The final set of issues to be addressed is about the mechanism of the model. It
should be noted first that the way the system is established in the present
framework is reasonable, considering that it is rooted in a ''social
constructionist... rather than universalist'' view (p. 40; i.e. that they do not
posit cross-linguistically/culturally common components, or 'primitives' by
Wierzbicka (1986)). Having said this, there is one potential drawback which
concerns the descriptive power of the model. Since the system itself is
configured in a society/culture/context-specific manner (e.g. certain affective
concepts are considered 'negative', while they may be 'positive' in other
cultures; linguistic elements that seem to be 'ideational' in traditional
accounts are considered as having an intersubjective significance in a given
linguistic or socio-cultural context, etc.), some degree of ''idiosyncratic''
top-down knowledge seems to be required for identifying certain linguistic items
in text as having specific appraisal values. That is, some degree of
''assumptions'' are involved by the interpreter about what the writer ''must have''
intended. Thus, in order to work out this ''idiosyncrasy'', the parameters of the
classification must be reasonably consistent and motivated (perhaps cognitively
or psychologically) so that the interpretation of appraisal resources can be
supported by some sort of empirical evidence (judgment tests, etc.), especially
if in the future, this framework incorporates some systematic quantitative
studies. In addition, though this is a minor point, a section on how the
framework may be applied for practical purposes would be very interesting and
would reinforce the significance of the framework.

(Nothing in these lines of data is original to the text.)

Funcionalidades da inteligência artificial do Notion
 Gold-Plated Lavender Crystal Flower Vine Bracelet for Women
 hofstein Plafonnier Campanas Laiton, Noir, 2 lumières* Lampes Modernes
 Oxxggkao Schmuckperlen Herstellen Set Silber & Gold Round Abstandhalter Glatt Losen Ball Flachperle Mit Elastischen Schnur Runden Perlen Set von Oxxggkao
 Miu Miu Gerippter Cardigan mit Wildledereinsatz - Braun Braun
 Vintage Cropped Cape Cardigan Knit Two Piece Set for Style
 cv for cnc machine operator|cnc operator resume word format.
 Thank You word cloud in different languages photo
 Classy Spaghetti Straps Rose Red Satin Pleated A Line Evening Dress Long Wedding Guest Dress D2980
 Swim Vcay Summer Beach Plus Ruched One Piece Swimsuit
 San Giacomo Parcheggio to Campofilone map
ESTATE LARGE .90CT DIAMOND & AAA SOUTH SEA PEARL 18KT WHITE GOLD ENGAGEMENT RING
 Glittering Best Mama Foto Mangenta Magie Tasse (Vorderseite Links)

Finally, I would like to add that, since the book limits its scope to
characterizations of a few types of texts, it would be interesting to see
systematically how certain rhetorical strategies that are characterized in terms
of appraisal resources (as in the ''Mourning'' examples in Chapter 5, for example)
are applicable to other examples of the same genre or across genres (or common
within/across linguistic communities). Aside from the issue of
'text-to-appraisal value' correspondence, addressed in the previous paragraph,
the book triggers many interesting issues about 'appraisal
pattern-to-style/genre' correspondence.  For example, describing different
'keys' in terms of the constraints on 'authorial affect' (as illustrated with
examples of journalistic discourse in Chapter 4 in the book) or the manipulation
of 'taken-for-granted'-ness seem very effective for characterizing different
narrative styles and perspectives of the narrator. Thus, the book contains
various types of practical tools, possibly for teaching literature appreciation
(e.g. different narrative techniques such as 'first person' vs. 'third person'
narratives) or foreign language education (e.g. teaching formality differences
manifested in the occurrence of intersubjective elements and expressions of
sensitivity to addressees/readers, etc.). 


REFERENCES
Halliday, M. A. K. 2004/1994 _An introduction to Functional Grammar_. London:
Edward Arnold. 

Traugott, Elizabeth, and Richard B. Dasher. 2002. _Regularity in Semantic
Change: Cambridge Studies in Linguistics_. Cambridge: Cambridge University Press.

Wierzbicka, Anna. 1986. Human Emotions: Universal or culture-specific? _American
Anthropologist_ 88.3. 584-94.

Zubin,David and Lynne E. Hewitt. 1995. The Deictic Center: A theory of deixis in
narrative. _Deixis in narrative_, ed. by Gail A. Bruder Judith Duchan, and Lynn
E. Hewitt. Hillsdale, NJ: Earlbaum.

ABOUT THE REVIEWER
Sayaka Abe is a Visiting Assistant Professor of Japanese language and
linguistics at Vassar College. She received her doctorate from SUNY at Buffalo
in 2007. Partly as a continuation of her dissertation topic, her current
research interests include subjectivity, intersubjectivity, emotive meanings and
grammaticalization from cognitive semantic and historical pragmatic points of
view as well as the application of these areas to Japanese pedagogy.